System with git and docker compose installed. Working unix-like environment (WSL2 for windows, or a mac with developer tools installed or linux machine)
A github user account.
Editor or IDE (PyCharm recommended, either professional or community) capable of working with python files. I recommend you use the professional trial version.
Pop in order to pair with other members if not local.
In github, go to the template repository for this class, clone into your personal GitHub, by selecting "Use This Template".

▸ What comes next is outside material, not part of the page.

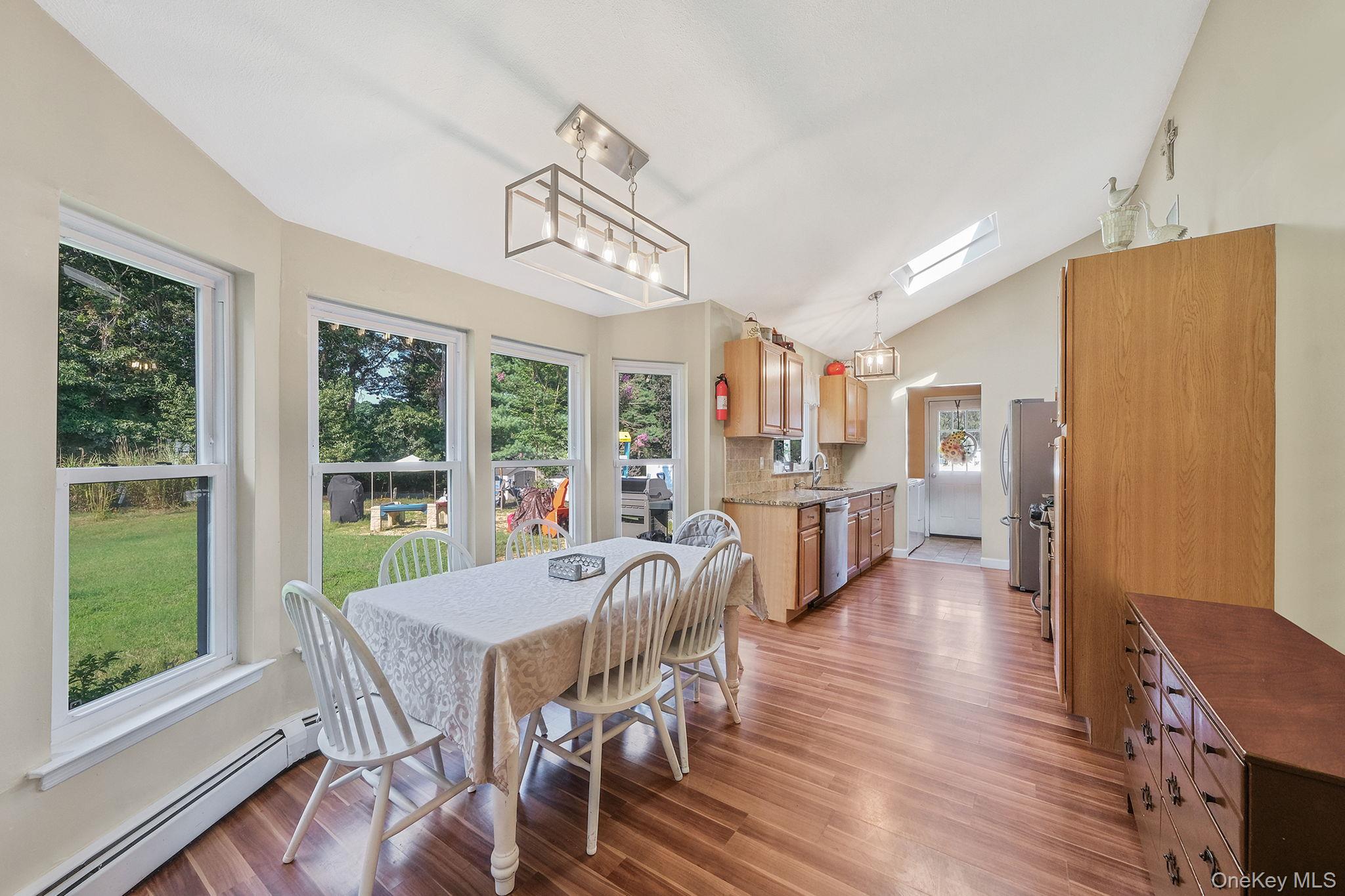 #6 photo, 32 Summercress Lane, サフォーク郡 Coram , NY 11727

In WSL2 (windows) or a terminal (Mac)
git clone <your repo url here>
where "your repo url here" is the URL of the cloned repository in your account
docker-compose build
Open the project in pycharm by opening the project folder inside of it
In PyCharm preferences (you may need to install the docker plugin, before this is available):
-
go to your project
-
go to "python interpreter"
-
click the settings icon next to your interpreter
-
click add
-
select "Docker Compose" in the left of the dialog
-
select the new button next to server
- on a Mac choose Docker for Mac
- (on windows?)
-
choose "web" in service and then click "OK"
In WSL2 or a terminal:
- To get a bash prompt inside your docker environment;
docker-compose run web bash
- To start a new django project
django-admin startproject cohort
Those two steps should have created a new project inside your repository named "cohort". In the future, when we talk about "from a docker bash prompt", you will use docker-compose run web bash
to get there.
In PyCharm, right click on the cohort
folder, then Mark directory as sources root.
Finally, right click on docker-compose.yml
and click "run docker-compose.yml". (If you decided not to use PyCharm, you would run docker-compose up
here.)
In a browser, go to http://localhost:8000. You should now see a welcome page. You now have a django app successfully running.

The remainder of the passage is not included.